Confidences sur l’oreiller

La place Mariacki, à Cracovie, s'est couverte de plumes pendant une bataille d'oreillers géante.

Il n’y a pas de hasards. Ou peut-être que si. Peut-être y a-t-il de ces coïncidences tellement grandes qu’on n’arrive pas à croire qu’elles peuvent être fortuites. Et pourtant! Pourtant, plus on parcourt le globe, plus on découvre à quel point ce monde est petit. Plus on parcourt le globe, plus on devient adepte de la théorie du battement de l’aile d’un papillon.
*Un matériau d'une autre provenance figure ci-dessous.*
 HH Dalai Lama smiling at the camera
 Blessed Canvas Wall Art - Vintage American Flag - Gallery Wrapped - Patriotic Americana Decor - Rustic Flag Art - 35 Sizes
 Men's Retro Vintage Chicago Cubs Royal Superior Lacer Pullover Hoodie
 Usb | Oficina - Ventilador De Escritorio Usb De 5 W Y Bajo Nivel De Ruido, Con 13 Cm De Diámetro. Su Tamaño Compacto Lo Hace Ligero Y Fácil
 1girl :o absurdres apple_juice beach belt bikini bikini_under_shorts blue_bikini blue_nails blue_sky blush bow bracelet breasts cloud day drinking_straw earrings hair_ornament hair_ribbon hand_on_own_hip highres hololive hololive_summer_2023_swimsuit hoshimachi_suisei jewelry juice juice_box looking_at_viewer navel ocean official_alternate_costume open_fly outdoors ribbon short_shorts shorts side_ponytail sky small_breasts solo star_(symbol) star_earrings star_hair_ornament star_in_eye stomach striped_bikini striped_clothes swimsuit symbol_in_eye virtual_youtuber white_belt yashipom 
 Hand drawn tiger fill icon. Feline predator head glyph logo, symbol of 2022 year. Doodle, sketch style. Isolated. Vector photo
Les batailles d'oreillers ont aussi la cote à Hong Kong, où les participants avaient même revêtu leur pyjama.

La théorie du papillon, c’est celle que le battement des ailes d’un papillon à un bout de la planète peut provoquer un tsunami à des milliers de kilomètres de là.Il y a ces hasards qu’on personnalise. À mon premier voyage de l’autre côté de l’Atlantique, j’avais rencontré un Bulgare dans l’ascenseur d’une auberge de Paris. J’avais aussi croisé un Américain dans une auberge de Venise. Quelques jours plus tard, à moins d’une heure d’intervalle, sur la place Saint-Pierre à Rome, je suis tombé nez à nez avec ces deux voyageurs.
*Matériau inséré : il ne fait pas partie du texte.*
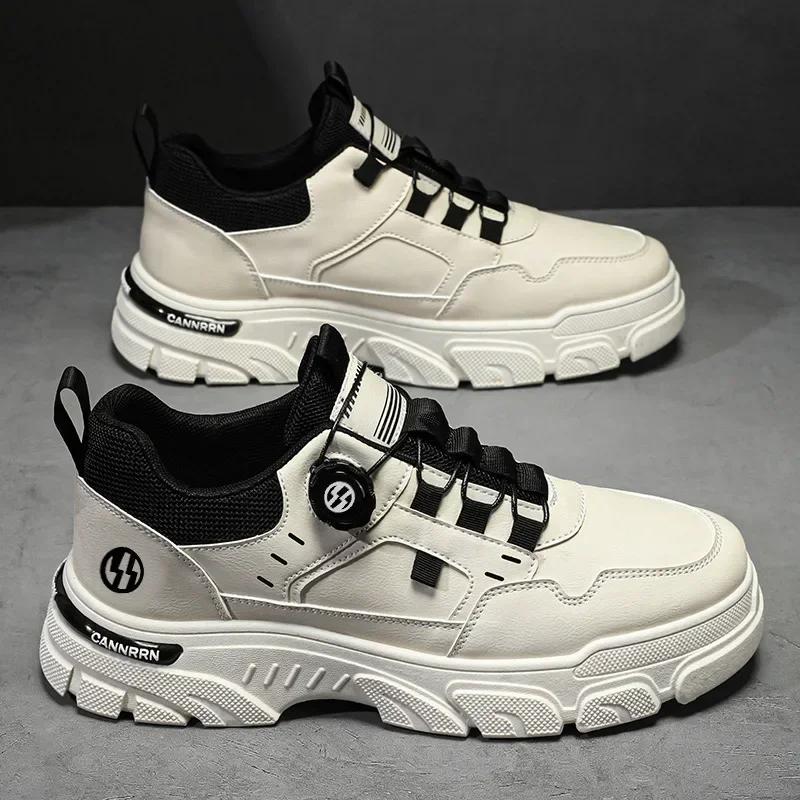 New Autumn Men Sneakers Leather Men's Shoes Outdoor Mountain Short Boots Rotating Buttons Work Shoes for Men Platform Travel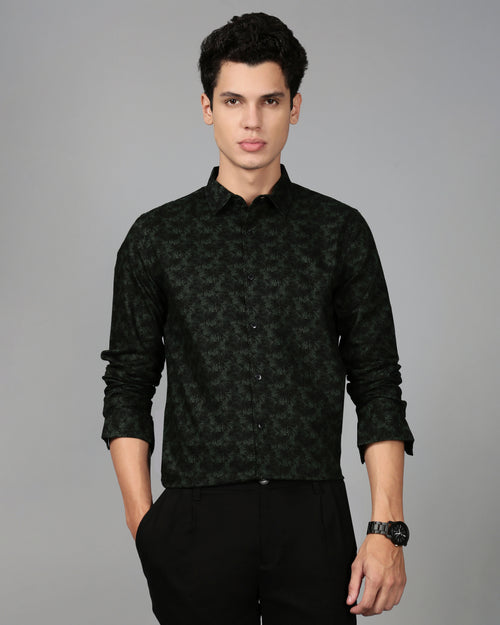 Smart Slim Fit Floral Printed Spread Collar Cotton Casual Shirt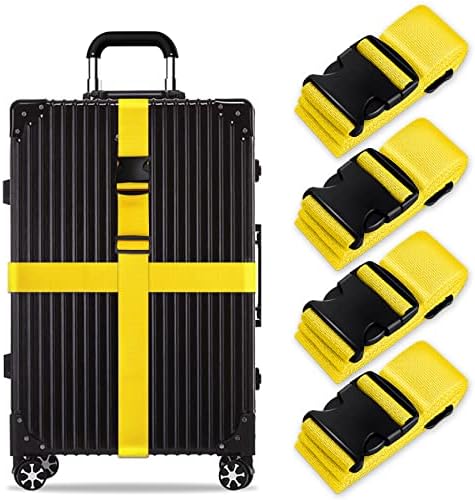 Luggage Suitcase Straps Set, Travel Accessories Thickened Luggage Belt with Quick Release Buckle, Adjustable Black Travel Luggage Straps for Suitcase Baggage (Yellow, 4 PCS Set)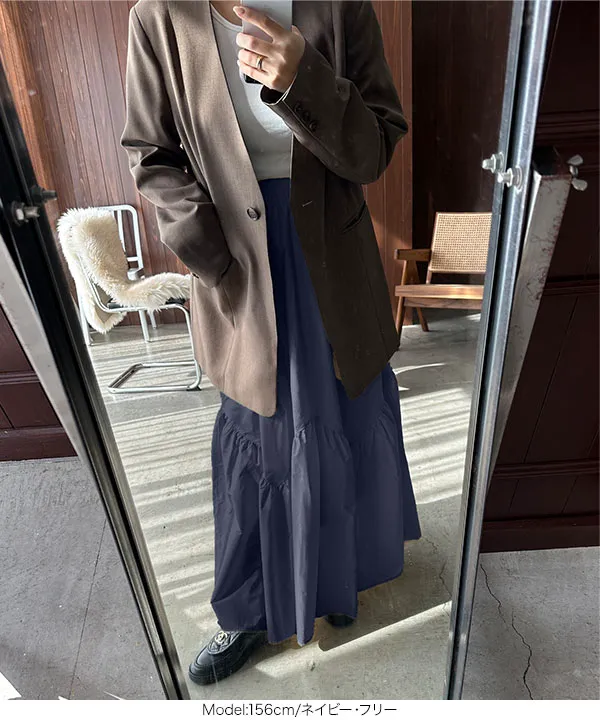 [ yuiさんコラボ ]バイアス切替えギャザースカート [M4191]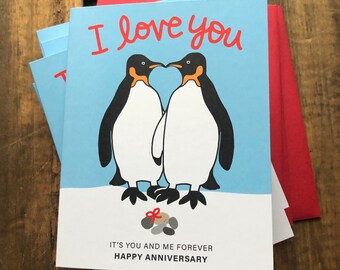 I love you Anniversary Card, Penguins 4.25 x 5.5, King Penguins, Greeting Cards, I love you card, Whimsical Penguins, penguins forever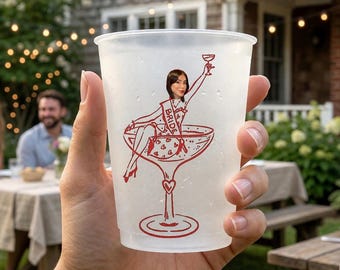 Benutzerdefinierte Foto gefrostete Plastikbecher - Personalisierte Becher, Hochzeitsfeier Gefälligkeiten gefrostete Plastikbecher, modernes Hochzeitsdekor
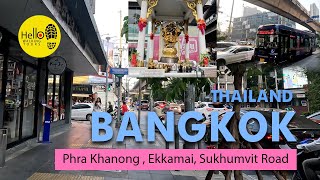 Walking Tours  Phra Khanong , Ekkamai, Sukhumvit Road ฺin Bangkok,  Thailand, February 2024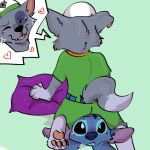  &lt;3 1:1 alien anthro blue_body blue_fur blue_nose canid canine canis clothing crossover disney domestic_dog ears_down experiment_(lilo_and_stitch) fingers fur grey_body grey_fur hat headgear headwear hi_res lilo_and_stitch male mammal mayakitty nickelodeon no_sclera paw_patrol pawpads pivoted_ears rocky_(paw_patrol) stitch_(lilo_and_stitch) teeth tongue young 
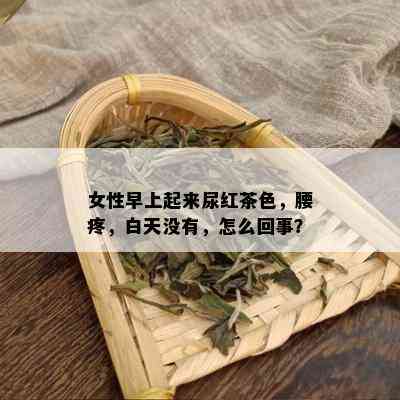 女性早上起来尿红茶色，腰疼，白天没有，怎么回事？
La même histoire, encore plus incroyable, m'a fait emprunter le même train qu'un couple français à Xi'an, en Chine. Le temps d'un bonjour. J'ai aperçu le duo par pur hasard dans les rues du village de Pingyao près de 24 heures plus tard. Puis, une autre journée avait passé quand, dans les dédales de tout Pékin, nous nous trouvions dans la même ruelle à la même heure. Impossible? Et que diriez-vous si ces mêmes amoureux, toujours sans préméditation aucune, se trouvaient au comptoir de mon auberge, le lendemain matin, pour réserver une chambre?
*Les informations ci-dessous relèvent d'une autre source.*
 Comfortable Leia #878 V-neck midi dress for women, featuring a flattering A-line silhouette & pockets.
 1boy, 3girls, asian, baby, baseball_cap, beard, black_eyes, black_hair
À force, on se dit qu'il y avait sûrement plus qu'une coïncidence.

Les hasards, ils sont porteurs de sourires ou de tracas quand ils se présentent sous la forme d'événements. Aboutir à Melbourne la fin de semaine du Grand Prix de Formule-1, sans avoir réservé de chambre d'hôtel, est un malheureux hasard qui nous souffle dans le dos pour qu'on prenne la poudre d'escampette.

Se montrer le bout du nez à Istanbul pendant les manifestations anti-Erdogan pouvait aussi bouleverser l'itinéraire.

Mais il y a cette fois, à Cracovie, où l'énergie dépensée pendant une longue journée à marcher m'est revenue d'un seul coup.

J'étais parti en randonnée tôt en matinée pour explorer le quartier juif. J'avais traversé toute la vieille ville, la Vistule aussi, pour gagner le quartier de Podgorze. Moins touristique que le château de Wavel ou le monument aux victimes de l'Holocauste, le mont Krak valait le détour.

Monticule plus qu'autre chose, il offre une vue imprenable sur le vieux secteur, le plus récent aussi, et la carrière du Liban, tout à côté, où meurent à l'abandon les décors du film La Liste de Schindler.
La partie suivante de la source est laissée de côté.